Every network is simultaneously the birthplace of some meaningful elements of pop culture and one of the worst places in the world.

The trick of turning a large company with enormous influence over American politics into a misfit sitcom family with no material role in shaping how people live requires a powerful enchantment; in some ways, it mirrors the increasingly popular rhetorical move of describing the workplace itself as a family—in order to justify poor working conditions and denying employees benefits. It’s no coincidence that as work has steadily moved from a means to an end to an end in itself, more and more sitcom families have moved from the home to The Office. This shift dovetails nicely with the rest of NBC’s more straightforward “politics,” which serve only to prop up the powerful. To Jimmy Fallon, any guest is just another person to have their hair ruffled. Calling Steve King a racist is just as bad as his long history of less than covertly supporting white supremacy. And money’s never an object, at least not for the men in charge. When Comcast bought a majority stake in NBC from General Electric, the new owners forced out the long-mocked Jeff Zucker—and handed him a massive payout, reportedly to the tune of between $30 and $40 million. Bob Wright, the former longtime president, CEO, and chairman of NBC, once lived in Trump Tower, where his apartment was the site of the meetings about making Seinfeld run for more seasons.

Taken on their own, none of these incidents feels especially egregious. The people involved probably have a hundred banal excuses for why they had to act the way they did in each case, and they’re probably perfectly nice about it. But taken in the aggregate, it becomes obvious what the network is doing—capitalizing on their own popular self-mythologies while giving themselves plausible, self-righteous deniability. Here, the dark side of 30 Rock’s knowing pessimism comes into view: when everyone on TV is an idiot, it can be easier to forgive the idiots whose decisions happen to, say, damage the lives of millions or keep the country in a state of endless war.

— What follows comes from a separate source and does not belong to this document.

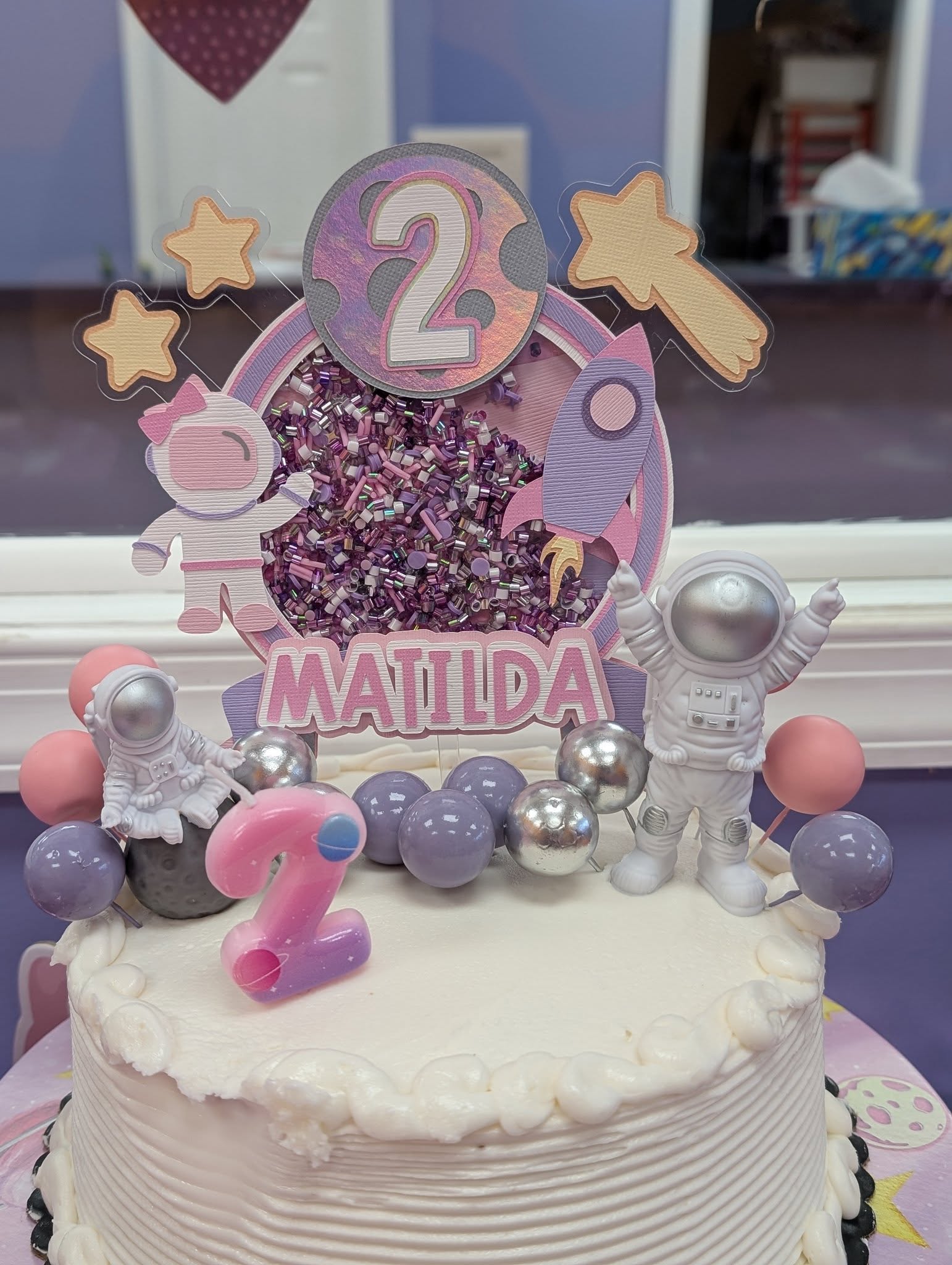Custom space-themed second birthday cake topper with glitter, astronaut figures, and the name Matilda.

It might be a stretch to say that NBC’s split personality is the result of a conscious branding decision. Like so many other similar accidents, its reputation as the “offbeat” network feels more like an inevitability of the systems that brought it into being—the demand for easy feelings of politics and belonging, blended with the rapacious appetite of capital—systems that continue to influence the network, as the network continues to influence the country. Considering the history of NBC until now, it feels like a minor miracle that Trump was never on 30 Rock. It doesn’t really matter. He was there in spirit.